Apprenticeships can be a big investment in money and time and dealers are finding it more difficult to find quality candidates.

The automotive industry is viewed by the majority of young people as a no-go area when it comes to thinking about their future job.

Steve Yardley, ReMIT chief operating officer, said: “There’s a big skills gap and the automotive industry is an aging workforce. There are not enough people to fill that gap and the industry needs to tap into GCSE level. There needs to be a vocational option for people at that stage in their life.

“The hardest thing in the industry is to measure attitude. If dealers are just going on grades to evaluate people they will be missing so many opportunities for recruiting some top young people. A superb attitude mixed with the right training can switch a light on.”

Richard Ennis, dealer principal at Mercedes-Benz Colchester, told AM: “There are heavy negative perceptions put on our industry and the automotive industry is not painted as somewhere good to work.

“Schools need to do more to highlight the industry in a better light. Trying to recruit quality apprentices is very difficult, even with the draw of the Mercedes-Benz brand name.”

Chris Butler, dealer principal at Heath Park Motor Company Peugeot, said: “We attract a lot of kids leaving school with no grades applying for positions in the workshop, but they rarely have the potential to succeed.

“I think a lot of school leavers believe it’s an ‘unqualified’ profession, but that’s just not the case.”

Pat Harvey, Benfield Motor Group, aftersales development manager, believes the industry should look at appointing more apprentices for front end and customer service roles, not just technical positions.

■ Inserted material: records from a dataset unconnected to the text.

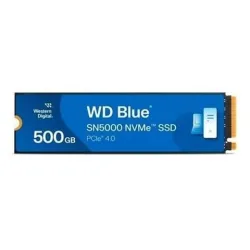 Ổ cứng SSD Western Digital Blue SN5000 500GB | PCIe Gen4 x4 NVMe, M.2 2280 (WDS500G4B0E) - Máy Tính Bàn Đắk Lắk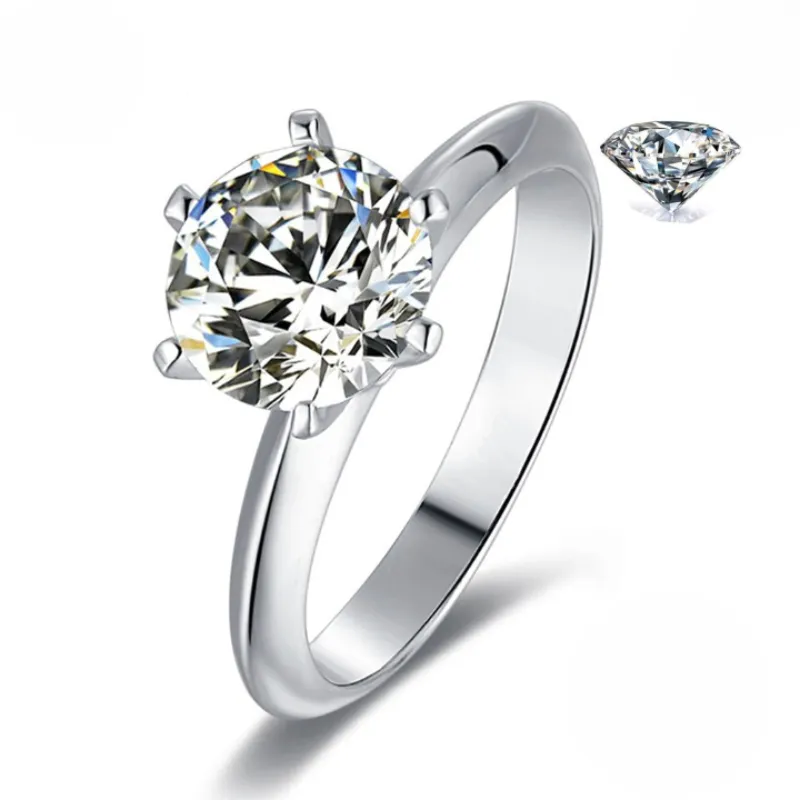 Moissanite Rings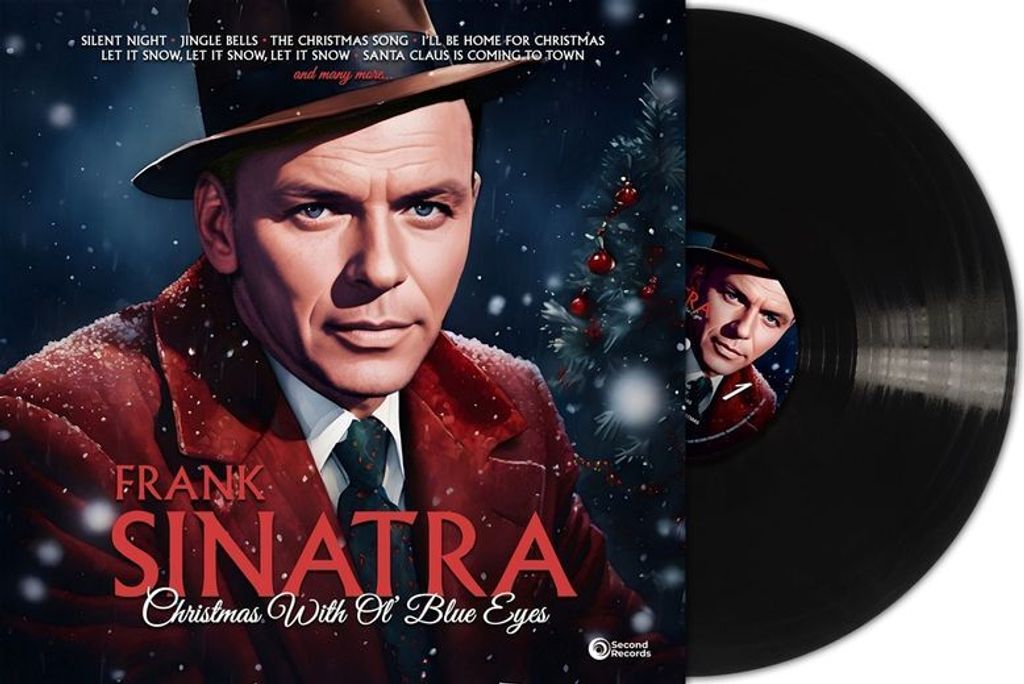 Frank Sinatra (1915-1998): Frank Sinatra (1915-1998): Christmas With Ol Blue Eyes (180g) - - (LP / C)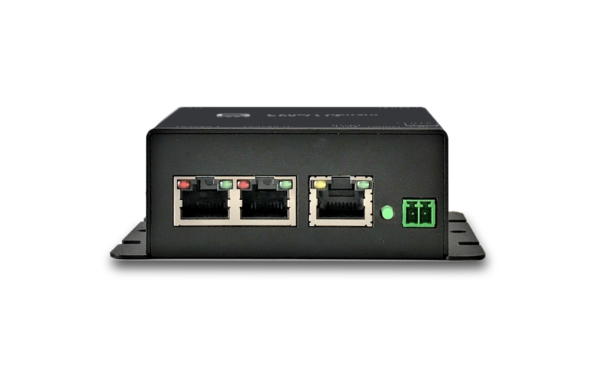 GUDE - Capteur LAN avec sortie relais et entrée de signal pour la surveillance de l'environnement, capteur de température/humidité/pression de l'air - Image 2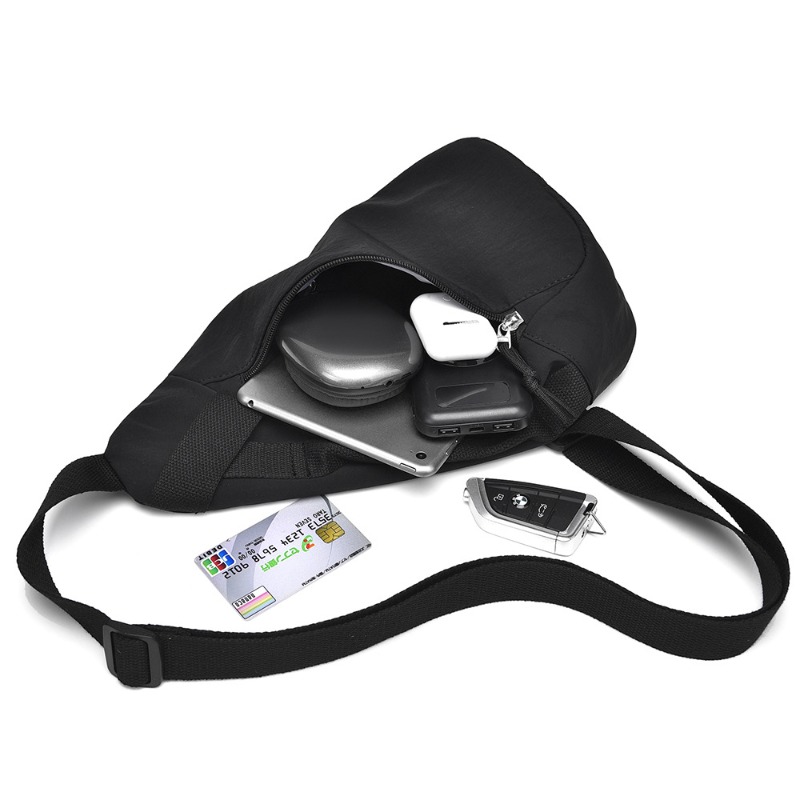 Chest Bag Single Shoulder Cros - Cycling Commuter Bag recension och pris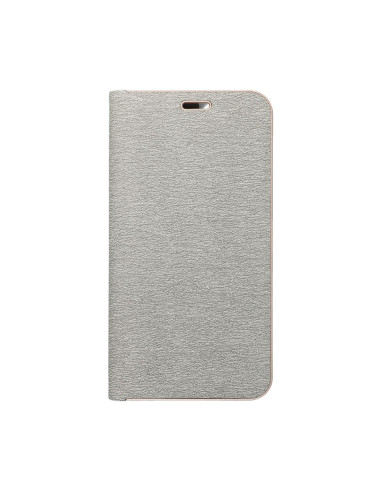 Etui Luna Book pour XIAOMI Redmi NOTE 12 5G grey
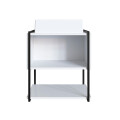 MUEBLE DE BAÑO SUSPENDIDO CON BACHA COLOR BLANCO / 50 CM Mueble De Baño Suspendido Con Bacha Color Blanco / 50 Cm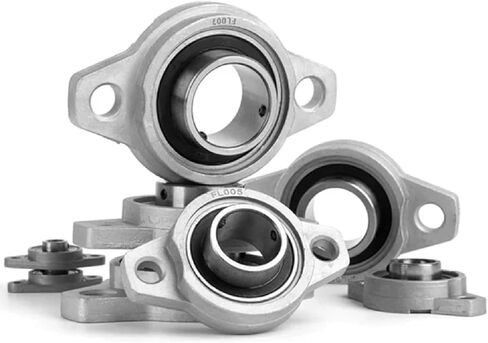 Zinc Alloy Pillow Block Mounted Ball Bearing, Deep Groove Design, Corrosion Resistant Housing (KP006 30mm) in Saudi Arabia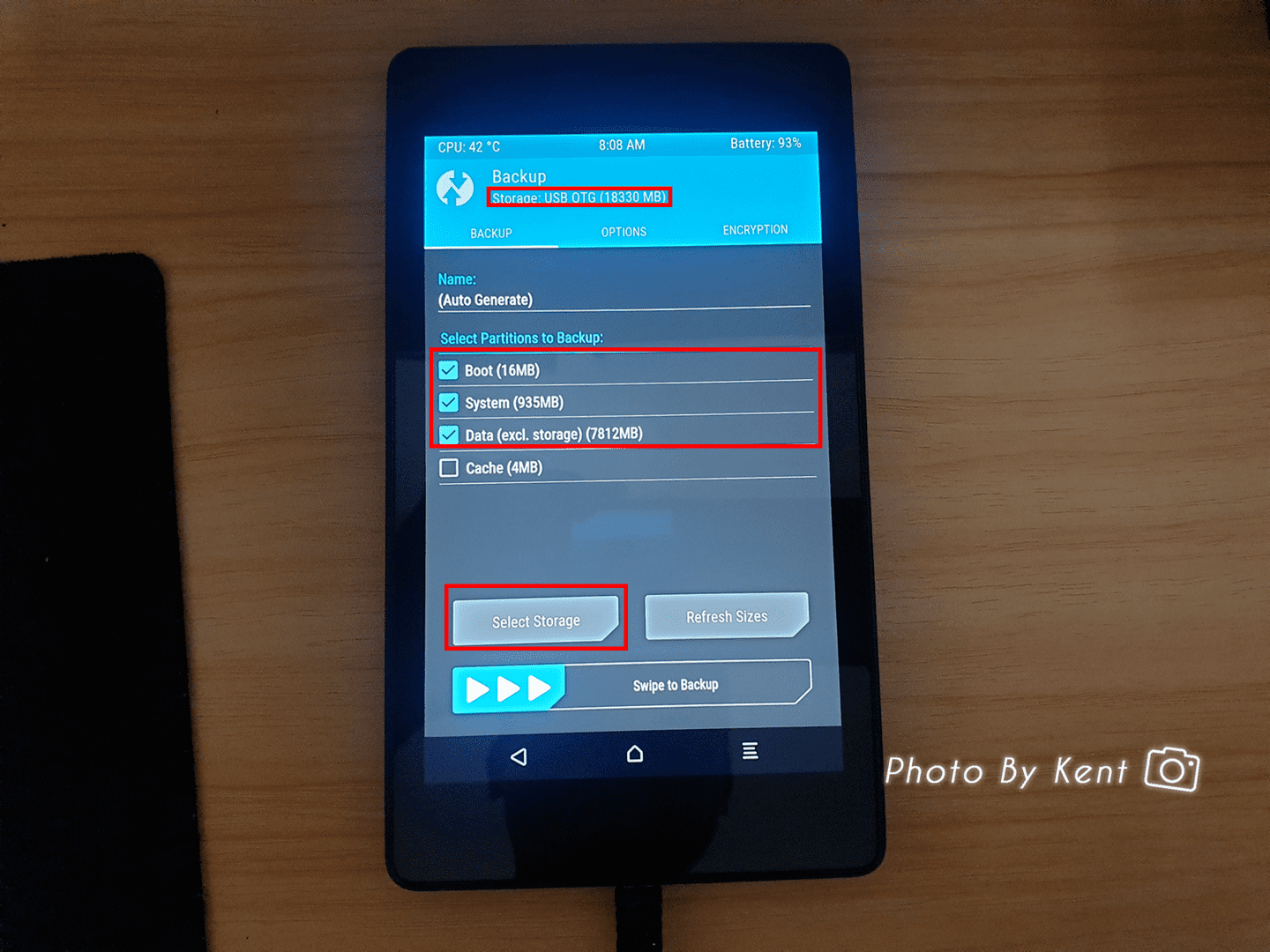 攻城濕不說的秘密 - nexus 7 2013 作業系統升級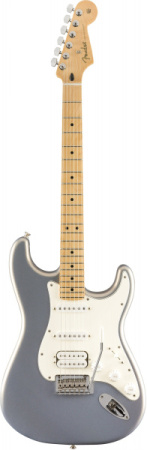 Fender Player Stratocaster HSS MN Silver по цене 109 000 ₽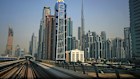 A view of downtown Dubai, United Arab Emirates, this week. 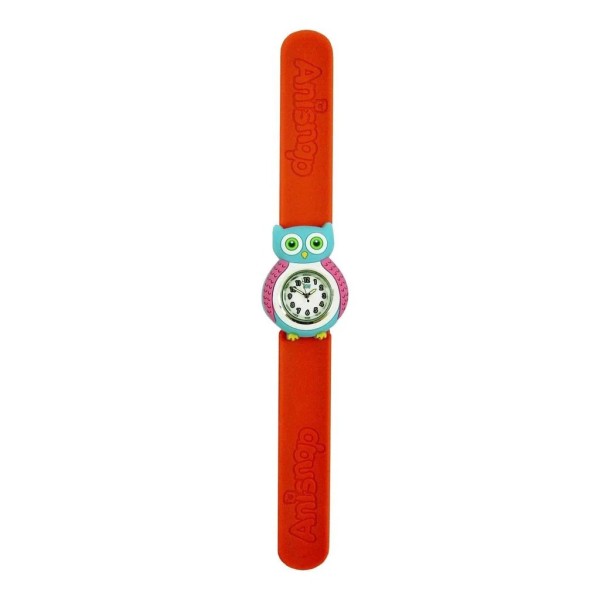 Owl Anisnap Snap Band Watch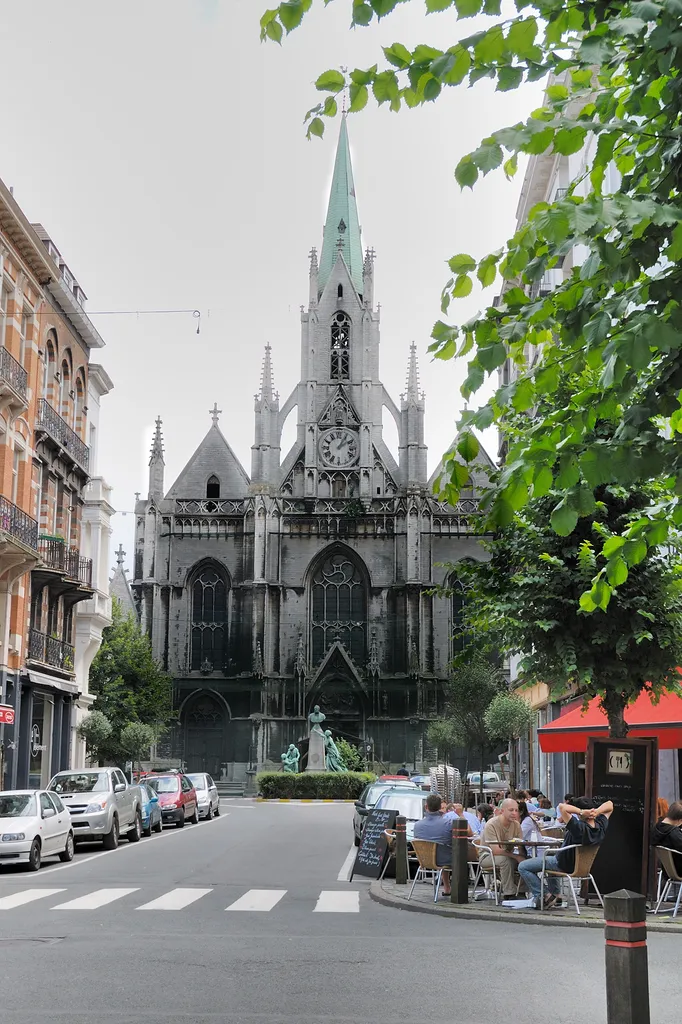 Eglise St Boniface, Ixelles (Brussels), Belgium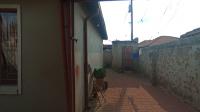 Backyard of property in Clayville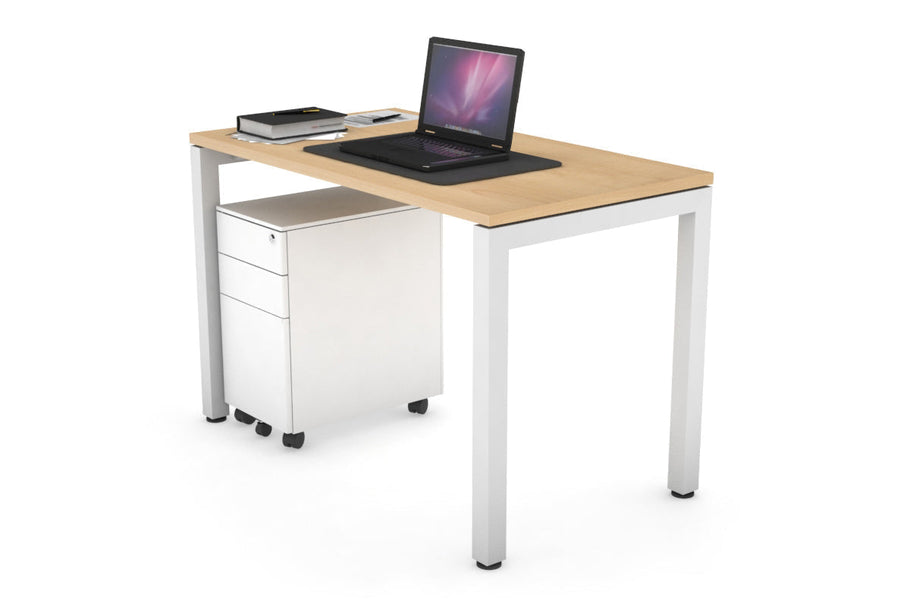 Environmental image of Quadro Square Legs Office Desk [1000L x 600W]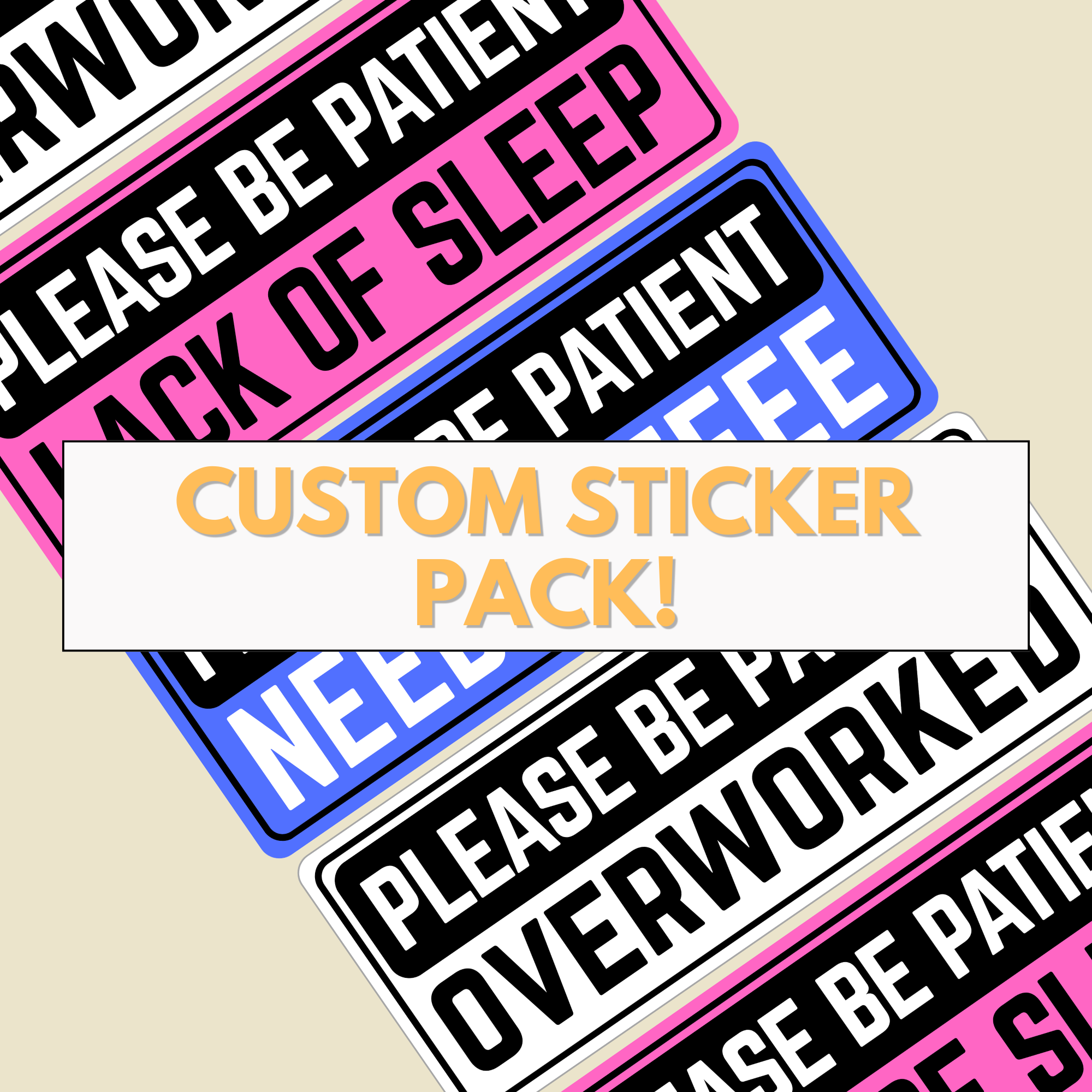 Build Your Own Sticker Pack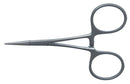 154R 4-120S Hartman Hemostatic Mosquito Forceps, Straight, Serrated jaws, Length 90 mm, Ring Handle, Stainless Steel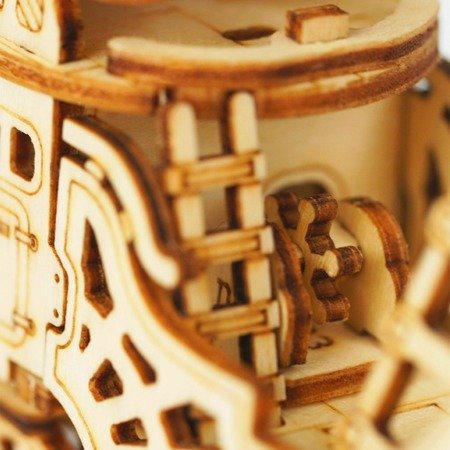 ROBOTIME 3D Wooden Puzzle - Steampunk Airship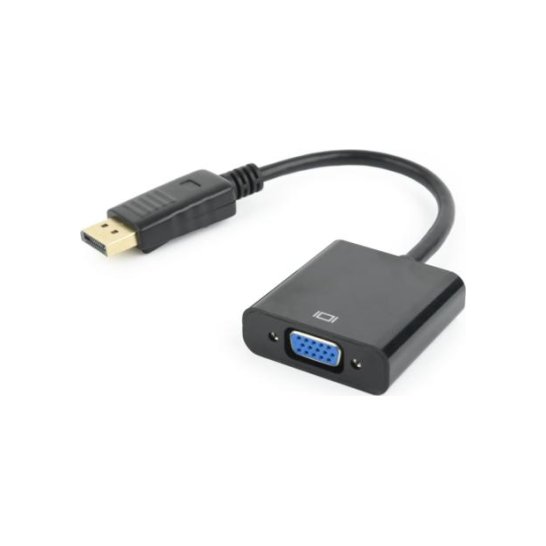 Gembird DisplayPort to VGA adapter Cable Black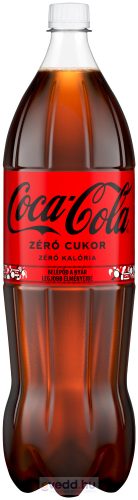 Coca Cola Zero 1,75L Szénsavas Üdítőital (DRS)*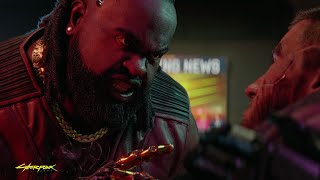 Cyberpunk 2077 OST - 14 Code Red Initiated | 4K music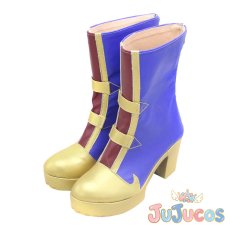 画像3: テイエムオペラオー　正月　コスプレ靴　ウマ娘プリティーダービー　コスプレブーツ　JUJUcosplay (3)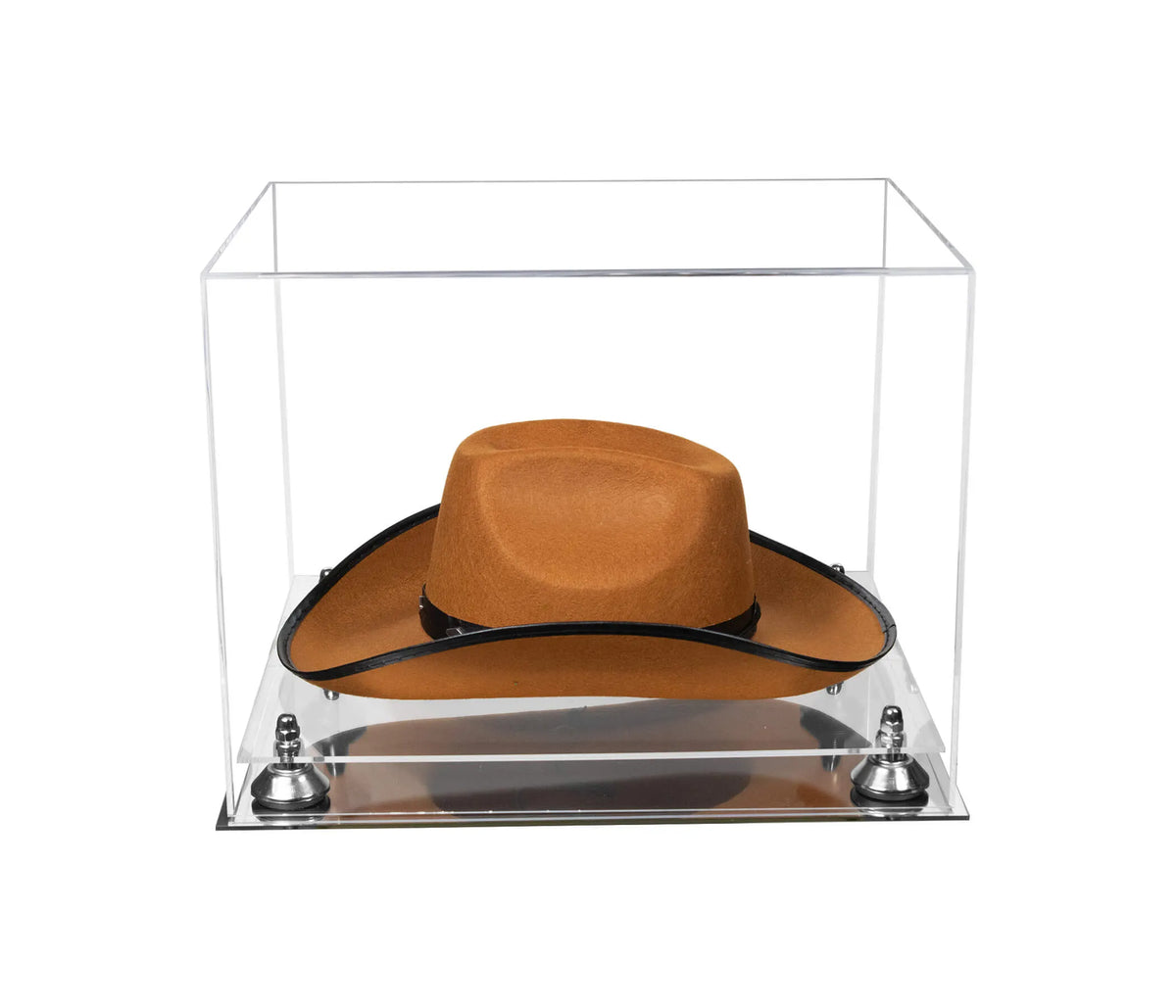 Acrylic Versatile Display Case - Clear 16" x 13" x 12" (A024-B/V61B)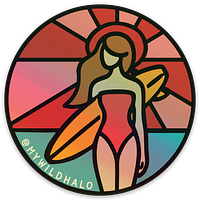 Wild Halo Sticker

The IMI has pledged to increase the number of apprentices joining the retail motor industry by 100% to 40,000 by 2013.

Steve Scofield, the IMI’s head of skills development, said: “It’s very important that our industry gets behind the apprenticeship more so now than ever before. It needs capable young minds which can be developed into tomorrow’s business leaders, sales professionals, master technicians and a whole host of career opportunities.”